We are aware of an issue that's causing some customers to not be able to access the application
Incident Report for Limble
Postmortem

Date: May 14, 2024
Status: Resolved

Summary On May 14, 2024, our service experienced a downtime event due to multiple frontend versions being served concurrently. This incident was caused by a discrepancy in our build process that led to different JavaScript chunks being deployed despite using the same Git commit. Immediate actions were taken to redeploy the code and resolve the issue, and measures have been implemented to prevent recurrence.

Impact The downtime affected all users attempting to access our site, resulting in an inability to load the app.
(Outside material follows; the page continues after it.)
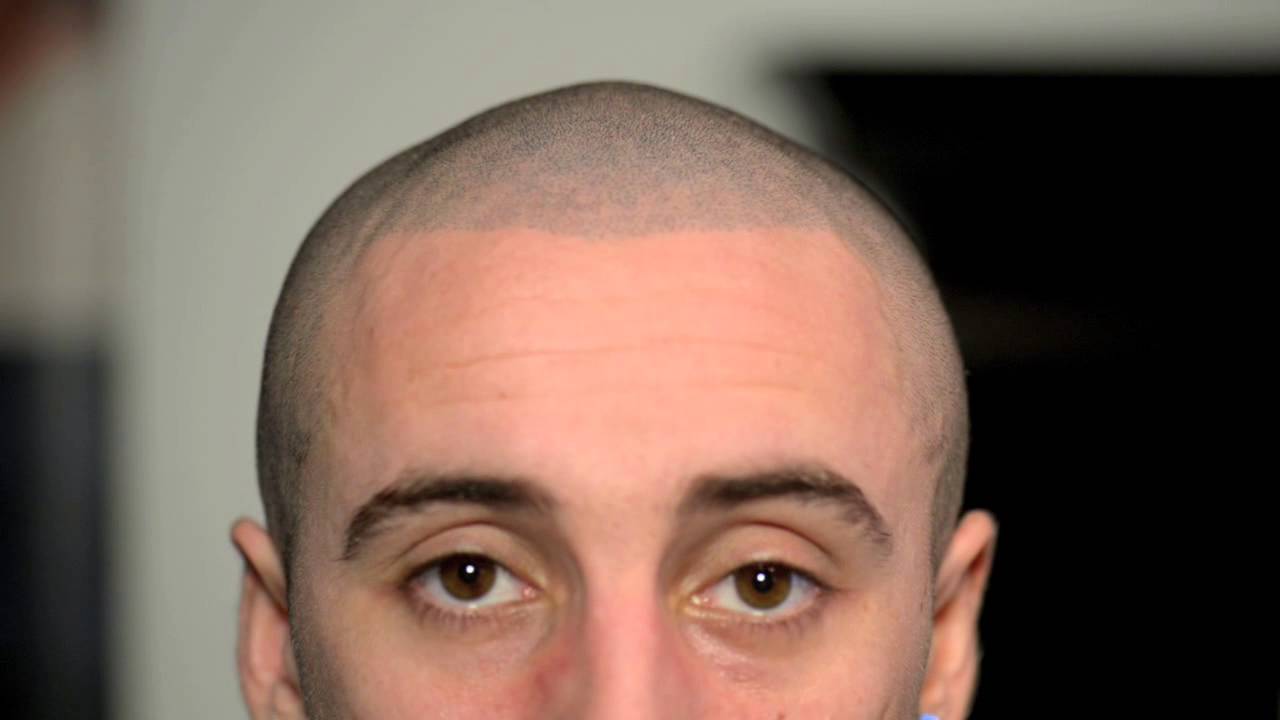 Hair Loss Treatment - David's Thinning Hair Filled in & Hairline Lowered at HIS Hair Clinic (part 2)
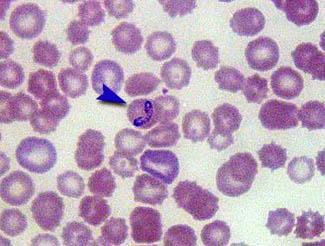Figure1: Babesia canis under the microscope the arrowhead points to a single Babesia organism inside a red blood cell As you might expect, prevention of Ehrlichiosis and Babesiosis is by aggressive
This incident primarily impacted customers on the main version of the app, while those on Canary were unaffected.

Root Causes The incident was triggered by a container restart that resulted in different JavaScript chunks being served. Our build process, though using the same Git commit, produced non-idempotent results, causing one of our webApp containers to serve incorrect chunks.

Resolution and Improvements Immediate actions included redeploying the rollback branch, ensuring all containers served the correct chunks, and implementing a fix to skip build/push for the container image if the SHA tag already exists. Additionally, the following improvements are planned:

  • Logging Enhancements
  • Container Health Checks
  • Immutable Tags
  • Build Process Update
  • Nginx Configuration

Description of Events

  • 6:04 AM MST: Incident detected
  • 6:15 AM MST: Investigation and communication initiated.
  • 6:46 AM MST: Redeployment initiated using rollback branch.
  • 6:51 AM MST: Successful redeployment and app loading restored.
  • 7:50 AM MST: Incident resolved
Posted May 20, 2024 - 13:42 MDT

Resolved
Services are recovering and we have identified the cause of the outage. We are working to implement a fix to prevent the same thing from happening in the future.
Posted May 14, 2024 - 06:45 MDT
Investigating
We are currently investigating this issue.
Posted May 14, 2024 - 06:21 MDT
This incident affected: Limble CMMS Web Application.